Dataset entries
───
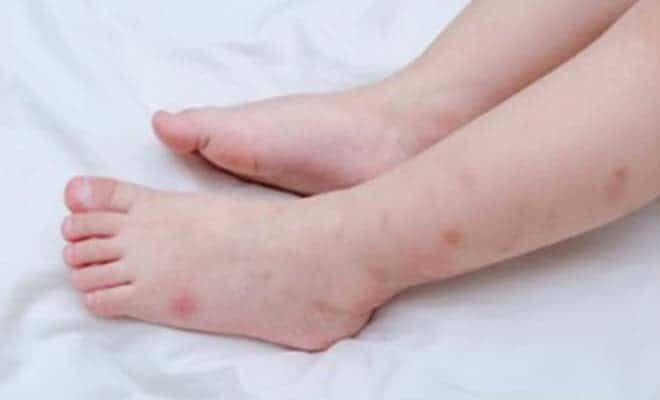 Аллергия на укусы клопов причины симптомы опасность реакция 05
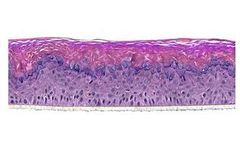 SkinEthic - Model RHE - Human Epidermis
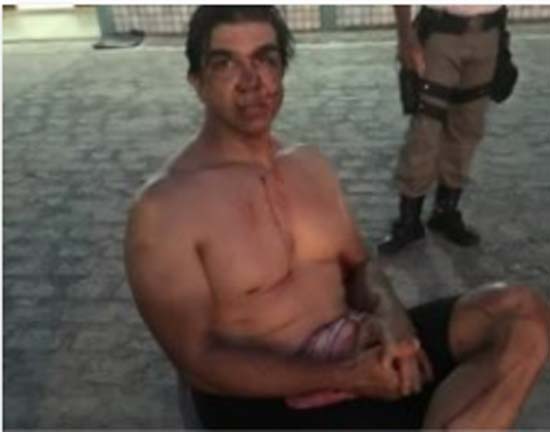 Homem é baleado e agredido com coronhadas durante trilha na parte alta de Maceió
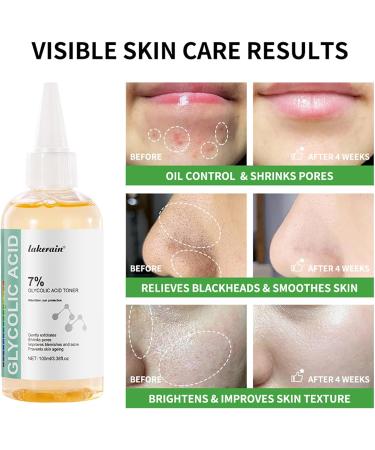 7% Glycolic Acid Toner Reduce Acnes Blemishes Pore Minimizer Gentle Exfoliating Face Toner Rejuvenate Moisturize Skin Improves Skin Brightness Suitable for Normal/Oily Skin - Buy Online on GoSupps.com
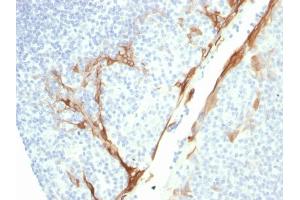 Formalin-fixed, paraffin-embedded human Tonsil stained with CK16 Mouse Recombinant Monoclonal Antibody (rKRT16/1714). (Recombinant KRT16 anticorps  (C-Term))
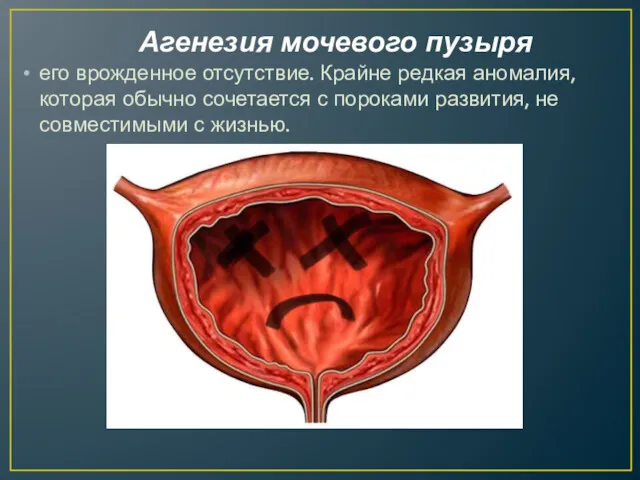 Агенезия мочевого пузыря его врожденное отсутствие. Крайне редкая аномалия, которая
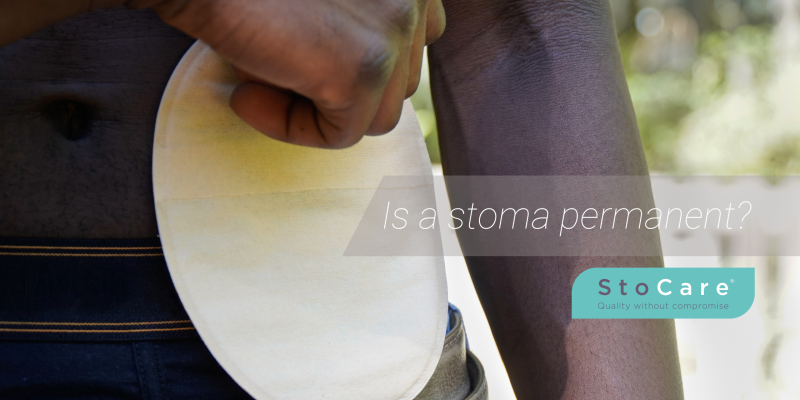 Is a stoma permanent? From StoCare.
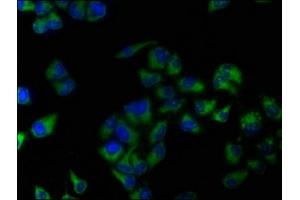 Immunofluorescence staining of Hela cells with ABIN7144538 at 1:133, counter-stained with DAPI. (ALOX15 抗体  (AA 1-225))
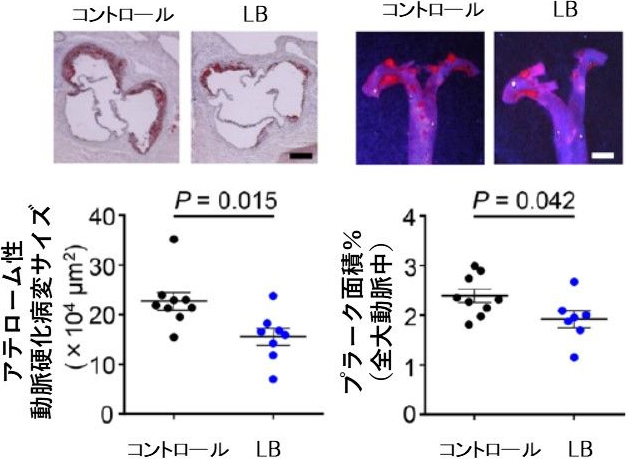 図2. バクテロイデス強制投与による動脈硬化病変サイズとプラークの減少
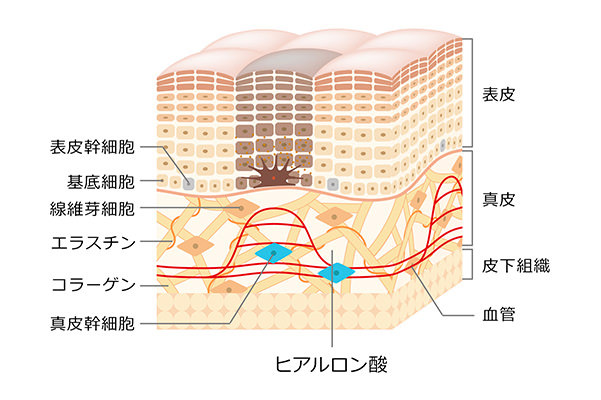 消す たるみ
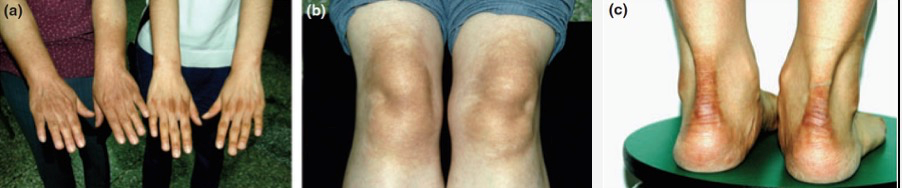 皮肤变黑 不一定是晒的 这个原因你可能想不到 医学界 助力医生临床决策和职业成长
───
*Task description:*
Take the line with "Is a stoma permanent? From StoCare." as the first line and the last line of the records above as the final one; reproduce exactly the lines between them, both included, without pictures.

*Solution to this problem:*
 Is a stoma permanent? From StoCare.
 Immunofluorescence staining of Hela cells with ABIN7144538 at 1:133, counter-stained with DAPI. (ALOX15 抗体  (AA 1-225))
 図2. バクテロイデス強制投与による動脈硬化病変サイズとプラークの減少
 消す たるみ
 皮肤变黑 不一定是晒的 这个原因你可能想不到 医学界 助力医生临床决策和职业成长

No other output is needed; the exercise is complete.